Instructions for the task: With the pictures left aside, write out the entries that follow exactly.

------------

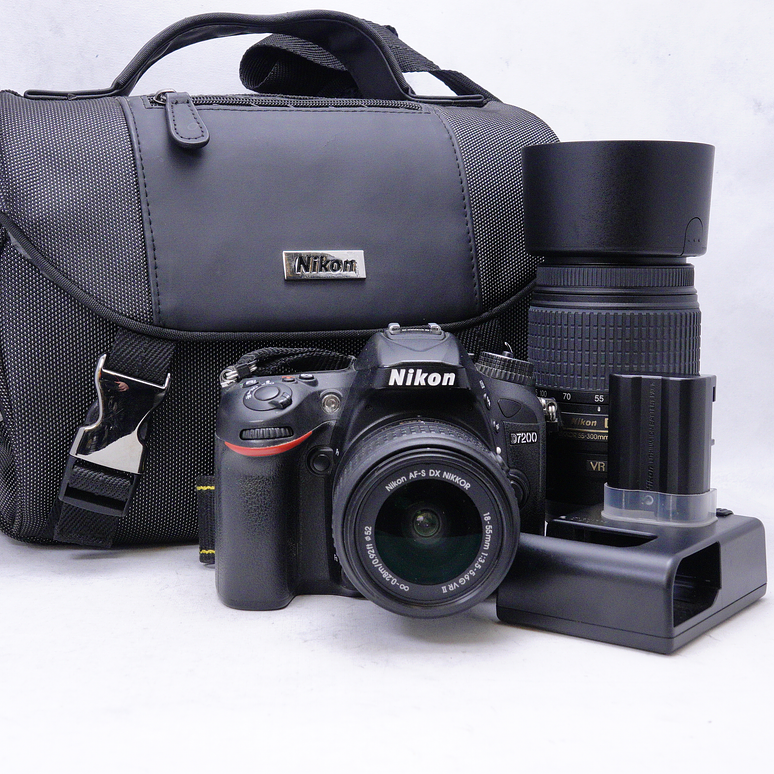 Nikon D7200 con lentes 18-55mm y 55-200mm - Usado 6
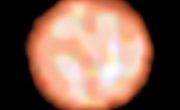 Детальное изображение красного гиганта подтверждает теорию о массивных звездах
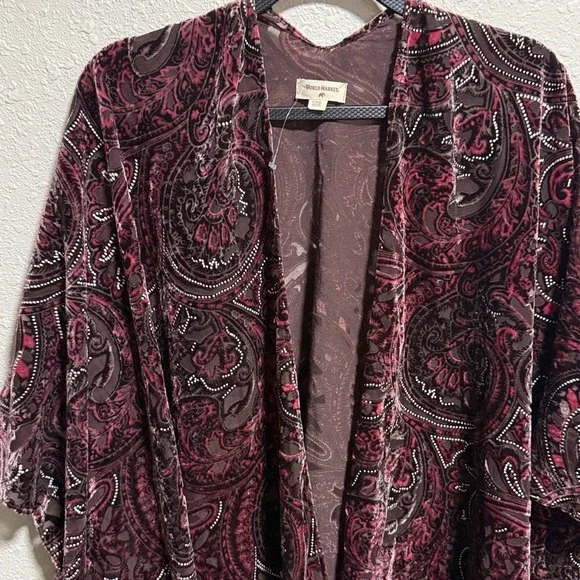 World Market Burgundy Paisley Burnout Velvet Kimono‎ Wrap One Size Open Front - Picture 6 of 9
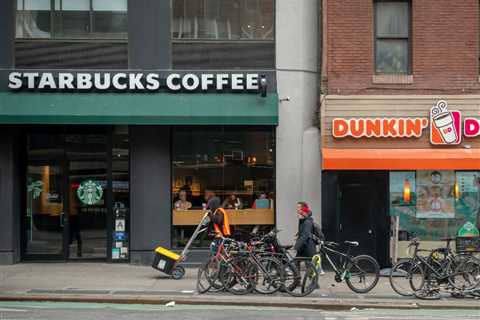 Starbucks vs. Dunkin': 7 Major Differences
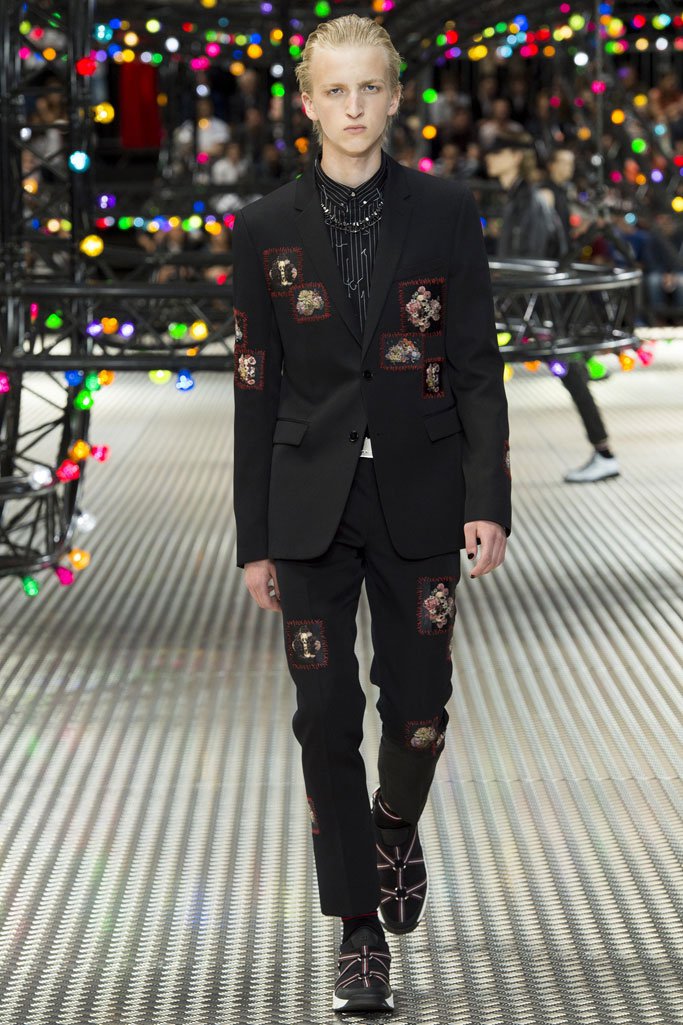 Dior Homme 2025巴黎时装发布会男装秀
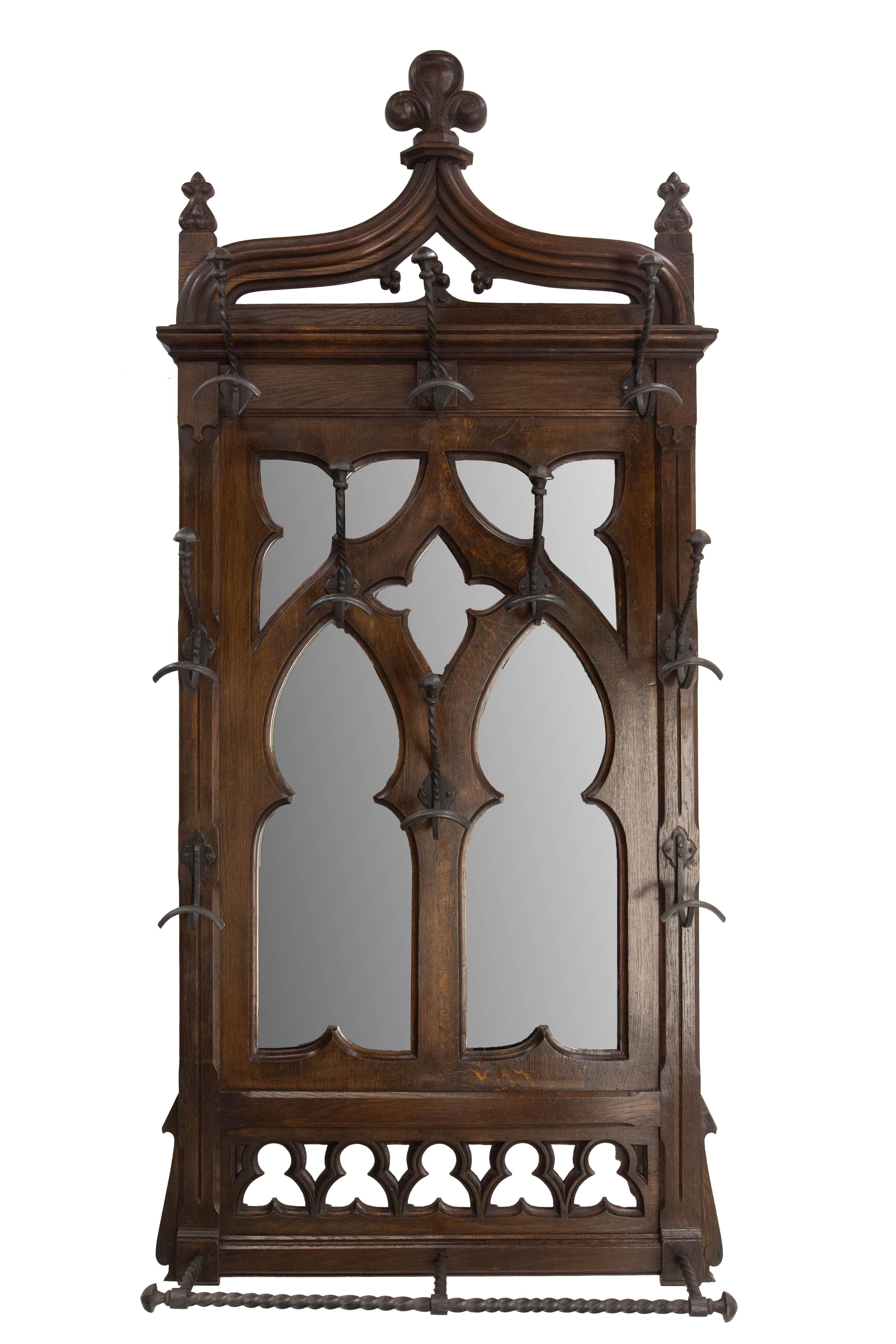 Porte-manteau et porte-chapeau français de la fin du 19e siècle
Châtaignier sculpté à la main, fer forgé et miroir
Le style gothique a été souvent utilisé au 19ème siècle, il s'appelle le style néogothique.

Bon état

Expédition :20 / 83 / 141 cm 30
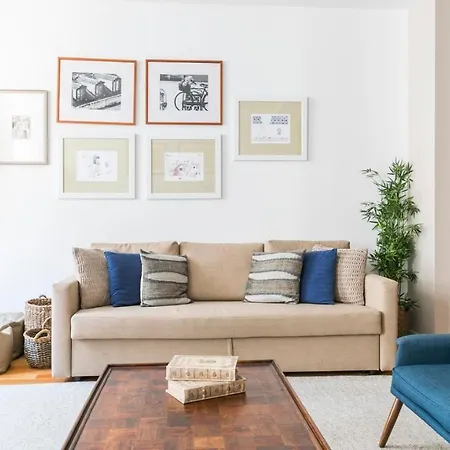 Apartment Plum Guide - Criss Cross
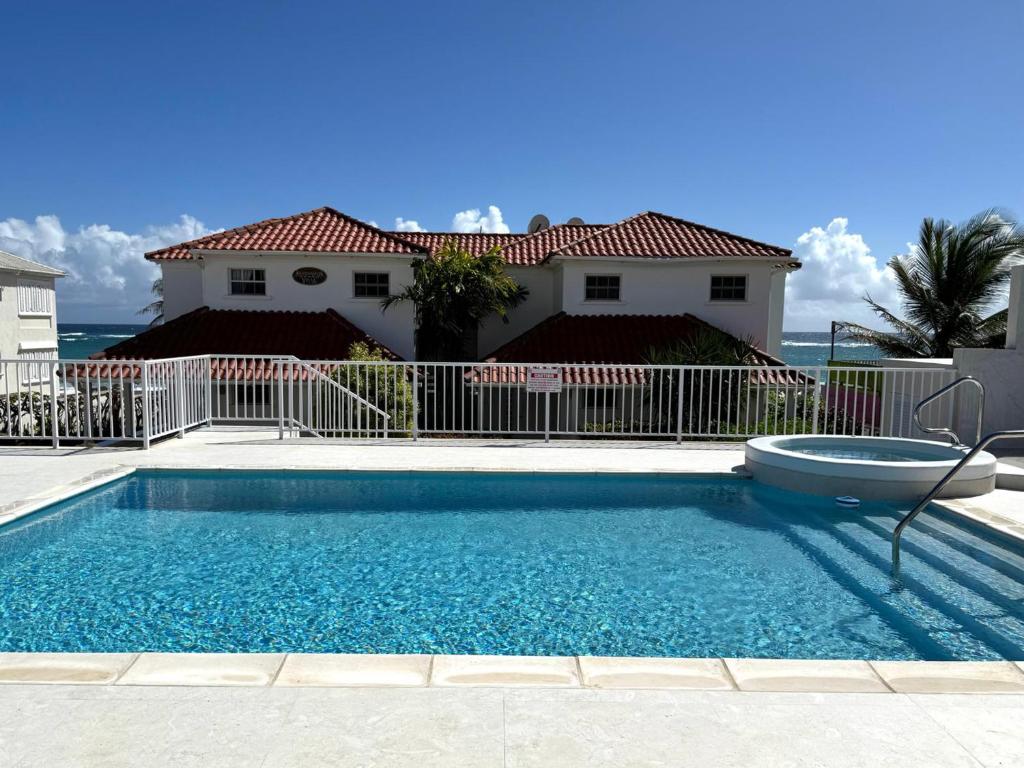 Silver Sands Beach Villas are great for family-friendly activities photo 2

------------

Task response:
 Nikon D7200 con lentes 18-55mm y 55-200mm - Usado 6
 Детальное изображение красного гиганта подтверждает теорию о массивных звездах
 World Market Burgundy Paisley Burnout Velvet Kimono‎ Wrap One Size Open Front - Picture 6 of 9
 Starbucks vs. Dunkin': 7 Major Differences
 Dior Homme 2025巴黎时装发布会男装秀
 Porte-manteau et porte-chapeau français de la fin du 19e siècle
Châtaignier sculpté à la main, fer forgé et miroir
Le style gothique a été souvent utilisé au 19ème siècle, il s'appelle le style néogothique.

Bon état

Expédition :20 / 83 / 141 cm 30
 Apartment Plum Guide - Criss Cross
 Silver Sands Beach Villas are great for family-friendly activities photo 2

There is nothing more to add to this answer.